私は気持ちの整理がつかず、「いらない」としっかり言えばいいのか、「買ってくれるなら欲しい」のか、自分でもよく分からなかった。

そしてその日、母は美しい帯締めを手にした。ただ手持ちの現金が足りず私に「あんたお金持ってる?貸して。」と…。「えっ?」「帯はな、ええのがあんねん。その帯にこれは合う」と。

私は大混乱に陥る。

 

振り袖買うの?

いや買えないよね、あたしにお金借りるとかなにそれ??

じゃこの帯締めなに???

いや振り袖買ってくれたとして、あたしいつ着るの????

いやいやいらなくない?????

 

目の当たりにした相場に母は打ち砕かれたのだろうか、しばらく何にも言わなくなった。私はというと、そわそわしていたけれど。

 

あんなの見せられて、やっぱり買わないとか肩透かしもええとこやん?

買わないんやったら連れてかなかったら良かったやん?

 

なんだろ、「何か買ってもらえるかもっていう期待」って自分の強欲を知る様で認めたくないものだな若さゆえの…

 

母は。

しかして。

諦めていなかった。

着物フリークの母は。

 

 

しばらくして突如某デパートの上階に連れて行かれた。そこは「質流市」という催事場だった。そしてその時の記憶があまりないのだが、とにかく母と私が「これがすごくいい」という品を見つけたのだ。その値札を見てないと思うけど、後日配送着払いで玄関に出た私はその値段をその時知ってしまった。(呉服センターのどうもないもんの半分以下、それでも当時の我が家には大金)

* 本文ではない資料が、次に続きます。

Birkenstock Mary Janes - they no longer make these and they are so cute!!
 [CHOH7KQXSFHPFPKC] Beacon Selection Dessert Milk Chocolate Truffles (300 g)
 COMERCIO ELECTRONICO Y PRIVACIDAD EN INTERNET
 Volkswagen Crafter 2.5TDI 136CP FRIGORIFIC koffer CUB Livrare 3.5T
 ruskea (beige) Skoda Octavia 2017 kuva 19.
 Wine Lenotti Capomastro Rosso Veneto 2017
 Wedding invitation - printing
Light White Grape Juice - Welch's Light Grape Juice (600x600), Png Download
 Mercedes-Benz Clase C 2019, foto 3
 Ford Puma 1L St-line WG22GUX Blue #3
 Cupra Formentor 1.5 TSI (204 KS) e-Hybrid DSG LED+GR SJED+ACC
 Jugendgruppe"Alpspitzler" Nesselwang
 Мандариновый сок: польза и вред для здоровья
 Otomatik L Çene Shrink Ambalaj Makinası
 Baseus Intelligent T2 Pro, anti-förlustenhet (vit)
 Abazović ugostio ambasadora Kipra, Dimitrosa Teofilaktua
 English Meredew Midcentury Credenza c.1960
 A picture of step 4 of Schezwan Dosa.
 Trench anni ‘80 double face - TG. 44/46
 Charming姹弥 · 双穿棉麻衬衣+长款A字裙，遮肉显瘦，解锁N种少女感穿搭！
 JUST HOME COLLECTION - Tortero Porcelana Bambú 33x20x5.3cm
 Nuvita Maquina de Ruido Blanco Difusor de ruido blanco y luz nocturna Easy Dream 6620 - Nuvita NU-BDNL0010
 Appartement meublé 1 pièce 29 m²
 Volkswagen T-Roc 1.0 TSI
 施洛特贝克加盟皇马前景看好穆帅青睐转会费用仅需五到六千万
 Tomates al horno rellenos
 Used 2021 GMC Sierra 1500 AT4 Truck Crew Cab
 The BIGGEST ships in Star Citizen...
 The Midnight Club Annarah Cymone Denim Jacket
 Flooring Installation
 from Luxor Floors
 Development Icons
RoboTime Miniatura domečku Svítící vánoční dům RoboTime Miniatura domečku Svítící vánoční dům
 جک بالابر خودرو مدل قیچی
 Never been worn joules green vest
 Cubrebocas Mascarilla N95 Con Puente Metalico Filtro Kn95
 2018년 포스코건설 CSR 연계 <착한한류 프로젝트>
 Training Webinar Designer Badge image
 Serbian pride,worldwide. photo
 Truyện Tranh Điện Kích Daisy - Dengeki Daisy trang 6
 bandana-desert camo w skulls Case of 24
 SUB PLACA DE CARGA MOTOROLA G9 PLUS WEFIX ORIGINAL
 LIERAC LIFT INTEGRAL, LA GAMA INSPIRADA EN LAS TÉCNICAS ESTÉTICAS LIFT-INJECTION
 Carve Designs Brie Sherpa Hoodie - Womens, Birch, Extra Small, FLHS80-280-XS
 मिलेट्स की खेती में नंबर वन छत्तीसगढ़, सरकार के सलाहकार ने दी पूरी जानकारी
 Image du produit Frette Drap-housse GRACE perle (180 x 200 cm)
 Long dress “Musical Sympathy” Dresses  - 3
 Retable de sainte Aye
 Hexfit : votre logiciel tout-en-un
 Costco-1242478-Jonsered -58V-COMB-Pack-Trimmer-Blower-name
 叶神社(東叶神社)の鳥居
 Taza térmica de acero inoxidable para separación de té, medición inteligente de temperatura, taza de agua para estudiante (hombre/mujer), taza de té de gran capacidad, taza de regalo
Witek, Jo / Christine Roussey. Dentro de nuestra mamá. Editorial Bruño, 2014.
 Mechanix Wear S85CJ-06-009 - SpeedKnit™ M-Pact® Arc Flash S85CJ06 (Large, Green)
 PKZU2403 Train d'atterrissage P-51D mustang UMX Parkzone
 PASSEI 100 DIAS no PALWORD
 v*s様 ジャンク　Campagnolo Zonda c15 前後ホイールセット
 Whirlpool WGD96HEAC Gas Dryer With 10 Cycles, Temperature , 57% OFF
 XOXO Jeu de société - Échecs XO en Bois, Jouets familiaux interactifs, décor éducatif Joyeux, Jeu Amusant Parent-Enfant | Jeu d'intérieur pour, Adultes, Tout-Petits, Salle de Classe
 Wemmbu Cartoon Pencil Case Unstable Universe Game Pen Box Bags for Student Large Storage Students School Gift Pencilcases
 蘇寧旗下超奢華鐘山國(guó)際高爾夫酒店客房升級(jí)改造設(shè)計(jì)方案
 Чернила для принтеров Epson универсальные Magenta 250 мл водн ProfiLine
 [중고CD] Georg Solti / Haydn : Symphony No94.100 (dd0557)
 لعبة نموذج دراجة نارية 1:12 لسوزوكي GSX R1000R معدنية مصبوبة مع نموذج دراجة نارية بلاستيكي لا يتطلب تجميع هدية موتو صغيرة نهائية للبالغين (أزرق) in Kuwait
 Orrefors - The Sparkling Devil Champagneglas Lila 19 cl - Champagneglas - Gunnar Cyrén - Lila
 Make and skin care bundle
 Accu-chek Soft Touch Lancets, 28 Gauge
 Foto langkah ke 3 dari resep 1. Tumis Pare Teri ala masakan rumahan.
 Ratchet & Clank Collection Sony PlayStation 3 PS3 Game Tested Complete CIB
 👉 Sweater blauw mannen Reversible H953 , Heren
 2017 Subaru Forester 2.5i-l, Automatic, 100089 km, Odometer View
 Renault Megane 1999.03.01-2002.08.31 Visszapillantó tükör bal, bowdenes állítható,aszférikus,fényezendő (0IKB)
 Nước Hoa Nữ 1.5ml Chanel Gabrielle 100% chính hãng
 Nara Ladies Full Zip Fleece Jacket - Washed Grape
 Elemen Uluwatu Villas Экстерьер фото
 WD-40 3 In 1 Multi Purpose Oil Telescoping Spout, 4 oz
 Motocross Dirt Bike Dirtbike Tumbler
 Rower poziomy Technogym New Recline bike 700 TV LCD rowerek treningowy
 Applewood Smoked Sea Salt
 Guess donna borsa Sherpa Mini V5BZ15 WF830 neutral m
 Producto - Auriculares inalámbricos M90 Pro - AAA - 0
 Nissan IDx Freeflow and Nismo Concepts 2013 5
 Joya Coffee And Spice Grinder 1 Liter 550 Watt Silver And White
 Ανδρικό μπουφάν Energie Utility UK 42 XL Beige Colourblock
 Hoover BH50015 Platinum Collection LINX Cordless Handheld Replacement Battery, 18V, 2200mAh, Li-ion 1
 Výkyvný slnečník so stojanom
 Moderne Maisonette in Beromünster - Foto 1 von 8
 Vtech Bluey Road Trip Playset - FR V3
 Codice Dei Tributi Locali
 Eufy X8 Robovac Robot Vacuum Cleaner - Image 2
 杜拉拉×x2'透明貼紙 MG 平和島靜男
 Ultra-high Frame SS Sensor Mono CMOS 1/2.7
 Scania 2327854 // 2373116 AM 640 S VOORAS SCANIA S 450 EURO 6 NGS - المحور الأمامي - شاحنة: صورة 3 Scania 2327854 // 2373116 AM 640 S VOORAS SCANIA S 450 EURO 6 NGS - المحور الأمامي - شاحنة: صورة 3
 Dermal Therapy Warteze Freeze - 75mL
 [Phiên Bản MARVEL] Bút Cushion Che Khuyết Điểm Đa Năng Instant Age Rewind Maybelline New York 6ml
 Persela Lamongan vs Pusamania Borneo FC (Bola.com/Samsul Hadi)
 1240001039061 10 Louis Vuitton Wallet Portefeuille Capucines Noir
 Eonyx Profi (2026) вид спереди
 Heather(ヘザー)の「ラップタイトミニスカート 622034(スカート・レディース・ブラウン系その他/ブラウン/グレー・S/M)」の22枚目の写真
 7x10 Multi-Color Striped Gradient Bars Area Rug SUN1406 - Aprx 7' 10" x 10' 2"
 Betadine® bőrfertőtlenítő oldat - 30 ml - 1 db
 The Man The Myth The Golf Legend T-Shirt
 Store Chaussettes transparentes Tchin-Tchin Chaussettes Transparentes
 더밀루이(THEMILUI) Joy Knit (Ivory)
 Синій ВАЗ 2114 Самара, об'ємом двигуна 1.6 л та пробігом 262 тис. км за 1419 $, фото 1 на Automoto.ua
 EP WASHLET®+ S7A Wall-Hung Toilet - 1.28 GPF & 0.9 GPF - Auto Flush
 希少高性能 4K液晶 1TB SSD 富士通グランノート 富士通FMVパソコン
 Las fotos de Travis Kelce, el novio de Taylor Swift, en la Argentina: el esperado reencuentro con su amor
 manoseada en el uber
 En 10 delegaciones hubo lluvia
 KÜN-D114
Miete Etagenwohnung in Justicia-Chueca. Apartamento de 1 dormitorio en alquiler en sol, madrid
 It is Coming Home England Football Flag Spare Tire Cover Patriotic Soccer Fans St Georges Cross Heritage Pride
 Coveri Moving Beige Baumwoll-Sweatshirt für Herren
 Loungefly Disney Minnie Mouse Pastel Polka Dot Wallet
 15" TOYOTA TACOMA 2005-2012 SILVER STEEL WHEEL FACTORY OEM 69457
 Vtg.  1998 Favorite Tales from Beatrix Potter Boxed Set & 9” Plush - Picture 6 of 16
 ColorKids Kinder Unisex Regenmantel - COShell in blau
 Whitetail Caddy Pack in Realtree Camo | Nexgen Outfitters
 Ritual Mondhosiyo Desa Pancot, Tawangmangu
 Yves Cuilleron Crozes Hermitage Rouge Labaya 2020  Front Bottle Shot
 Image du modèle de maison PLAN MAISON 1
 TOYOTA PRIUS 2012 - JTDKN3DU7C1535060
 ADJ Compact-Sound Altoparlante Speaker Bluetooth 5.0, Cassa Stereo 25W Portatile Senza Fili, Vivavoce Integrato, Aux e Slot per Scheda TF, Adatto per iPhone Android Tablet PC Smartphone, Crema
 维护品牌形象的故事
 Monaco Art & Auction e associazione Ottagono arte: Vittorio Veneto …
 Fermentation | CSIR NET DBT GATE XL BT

なんていうか、うちにこんなお金あったんかという驚き、申し訳ない有難い困った、複雑すぎて心はパンク状態。家中の小銭までかき集めるように支払っていた気がする。まぁこれも「気がする」だけで記憶が薄いんだけど。

 

私は先にも書いたが「成人式」の意義が分からなかったし、昔の友人たち(?)と会う気もなかったし、とりあえず参加したいと思わなかったので「写真を撮ろう」という話になった。

かかる費用について思案した結果、「帯が無理や」と言う母を押して、ふたりで協力して着付けることに、髪は美容院へ、成人式当日はバイトするから平日の人の少ない日に撮影することと相成った。

そしてその日まで毎日帯の練習をした。ていうか、母が練習したんだけど(笑)

 

柄が真ん中に出ないーー

あっちが短いーー

こっちが短いーー

ずってくるーー(*ずれて落ちるの意)…

 

パジャマの上から何度も何度も帯を結っては解いた。ふたりとも大笑いした。屈託なく笑った。誤解も苛立ちも腹立ちもなかった。

1週間とか10日くらいだったろうか。
後から思うにつけ、私にとってこの時間は幸せだった。(なお母はまだ生きてる)

 

私は年頃なりの漠然とした不安や悩みや苦しみを、友人はもとより親と共有した事がない。でもそんな人は幾らでもいると思う。

過度な期待をされ、弱みを見せられない性格を親に分かってもらえずに育った人もいるだろう。

そんな色々を拗らせて親との関係に悩む大人も多いだろう。

私はその1人というだけだ。

 

 

書きながら思ったけど、今の自分のあらゆる事への至らなさに、親を関連づけるのは無意味だ。

仲良し家族だろうと過保護な親だろうと放任だろうと、いずれひとりの成人となって全ての責を負うのは自分であることは皆同じだ。

辛かったことや幸せだったことは天秤にかけるものではない。それは単に重ねてきた時であって、自分の心を育てたり、社会に出て人として歩き続けるために必要なのは自分のチカラだ。

(もちろん深刻なDVやネグレクトなどの社会問題は別の話。)

親の老い先が見える最近、私は親を嫌ったり恨んだりする事に疲れたなと感じる様になった。私自身も歳を重ね、やっと本当の大人としての自立が出来始めたのかもしれない。

 

成人の日から30年も過ぎたけど。